The methodology of universal design in education offers flexibility in the way learning materials are presented to students, how they engage with the materials, and are able to demonstrate what they have learned. It applies to all forms of learning including online learning, lectures, classroom discussions, group work, handouts, field-based learning, and other academic activities.
Principles of universal design for learning
To further understand what UDL is, and how it can be applied to lesson plans and assessments, it is important to recognize the three core principles that underpin universal design for education. These principles can be applied to any course or field to ensure that all learners have access to an equitable learning environment where they can grow and participate in a community of knowledge.
- Engagement. Providing options for generating interest in learning; managing effort through feedback, collaboration, and community; and offering methods for self-regulation that increase motivation.
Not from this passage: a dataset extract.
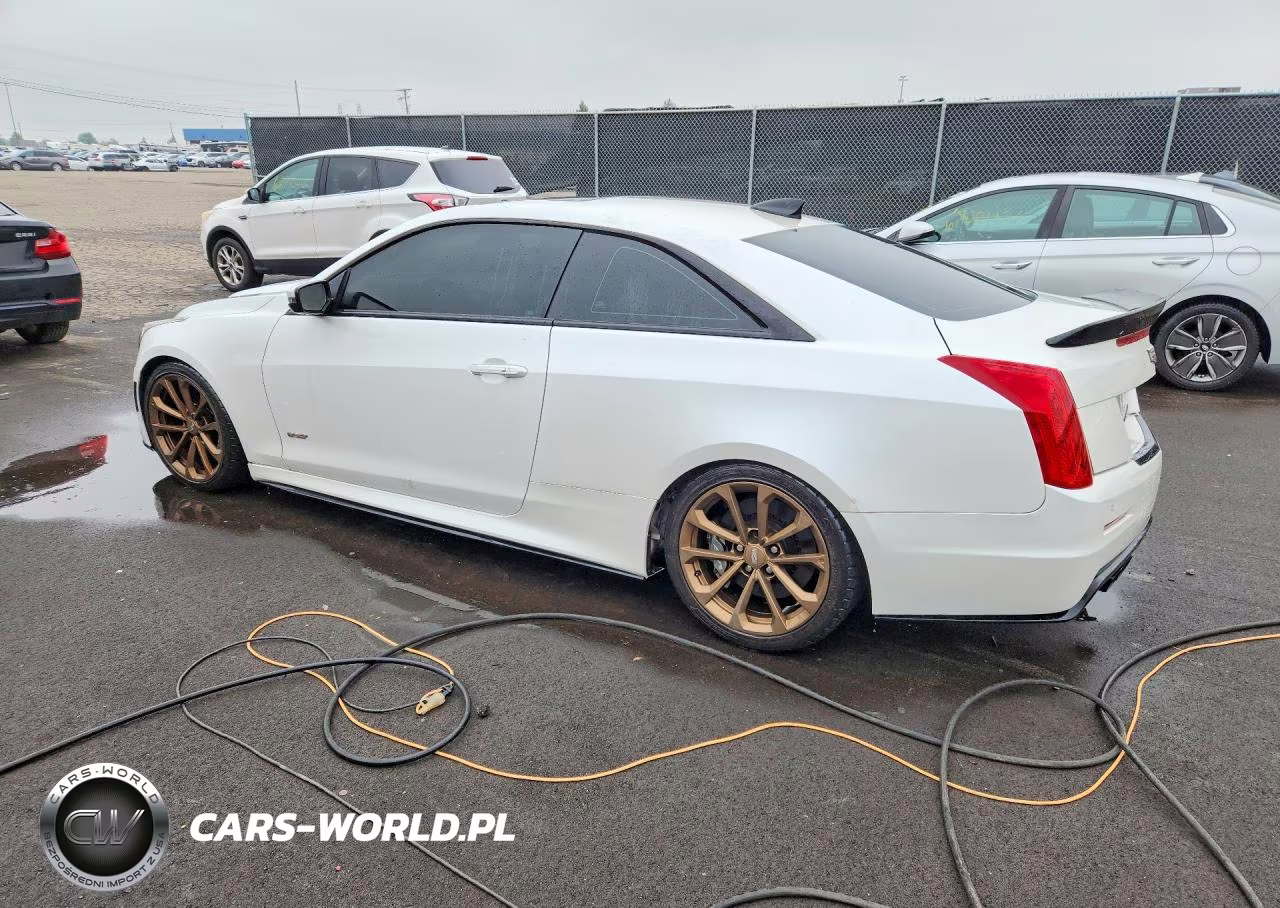 2016 Cadillac Ats-V VIN:1G6AN1RY9G0121045 - 2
- Representation. Focusing on providing alternative ways to display both auditory and visual information; supporting the translation of text and symbols, and clarifying structure, vocabulary, and syntax; and maximizing opportunities for comprehension through offering background information, highlighting critical ideas, and assisting with information processing.
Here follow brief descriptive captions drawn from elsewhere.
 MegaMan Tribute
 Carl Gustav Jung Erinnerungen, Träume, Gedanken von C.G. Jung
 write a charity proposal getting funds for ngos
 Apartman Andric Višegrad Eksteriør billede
- Action and Expression. Offering physical action that enhances access to tools; providing multiple tools and media for communication and composition; and assisting with goal-setting through planning, managing information, and tracking progress.
What are the benefits of universal design in education?
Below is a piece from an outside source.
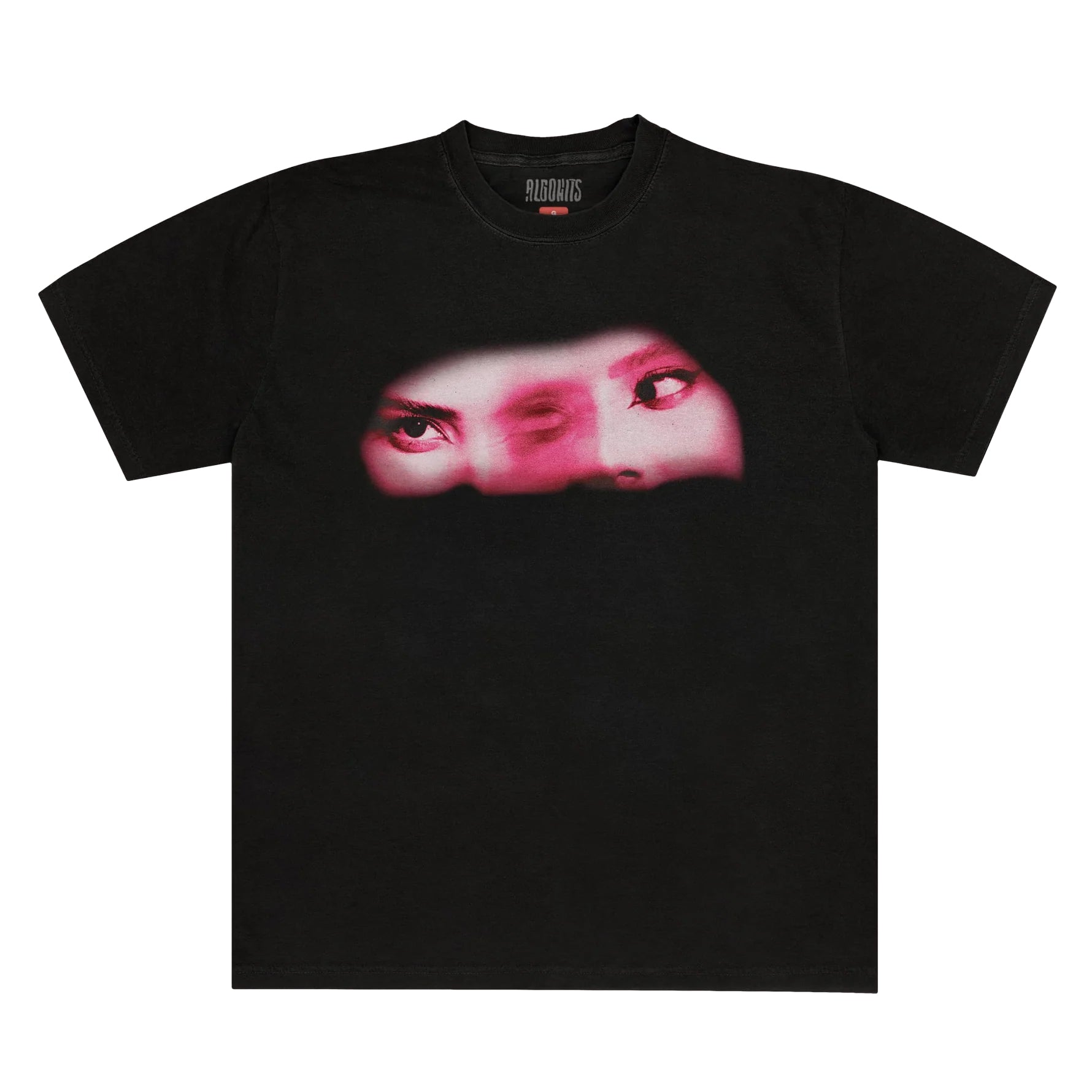 Camiseta Ponta Cabeça Júlia Rezende - Preto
Beyond building the foundation for an accessible and inclusive learning environment, there are a number of benefits of incorporating universal design in education. It can also:
- Reduce any potential stigma associated with diverse learning abilities, as a variety of options are available to all students, not just a select few.
- Provide flexibility in learning that enables students to build up their strengths by focusing on areas they may not be as confident in.
- Break down barriers that may exist for students with varying learning styles.
- Offer students multiple ways to learn.
How does UDL impact lecture creation and delivery?
When universal design is applied to education it affects the nature of how courses are structured and created. Whether asynchronous or synchronous, when it comes to lecture creation, teachers are tasked with providing a delivery method that is accessible to all students. This will impact lecture creation and delivery by providing a positive learning environment for everyone and increase the number of students that are able to access and interact with the content.
Implementing UDL could involve ensuring that the information provided in slides adapts to all students’ needs – for example, is easy to read, has subtitles, and an audio reader. At the start of the semester a teacher could begin by building a positive classroom climate and send out a statement inviting any student with special accommodations or disability-related needs to meet with them, generating a progressive open-door policy where everyone feels heard.
Universal design for learning in practice
There are numerous instructional methods that utilize principles of UDL, focusing on certain goals such as class climate, interaction, delivery methods, feedback, assessment, accommodation, physical products, and information technology. An example of interaction might be to assign a group assignment that requires students to support each other and places value on a variety of diverse skills. In terms of assessment, an example would be to consider both group and individual performance equally and determine the merits of each combined.
When it comes to UDL, asynchronous lectures and course materials have the benefit of being able to integrate accessible elements such as lecture capture, playback, and captions – to name a few – to build the foundations of an equitable learning environment for every student.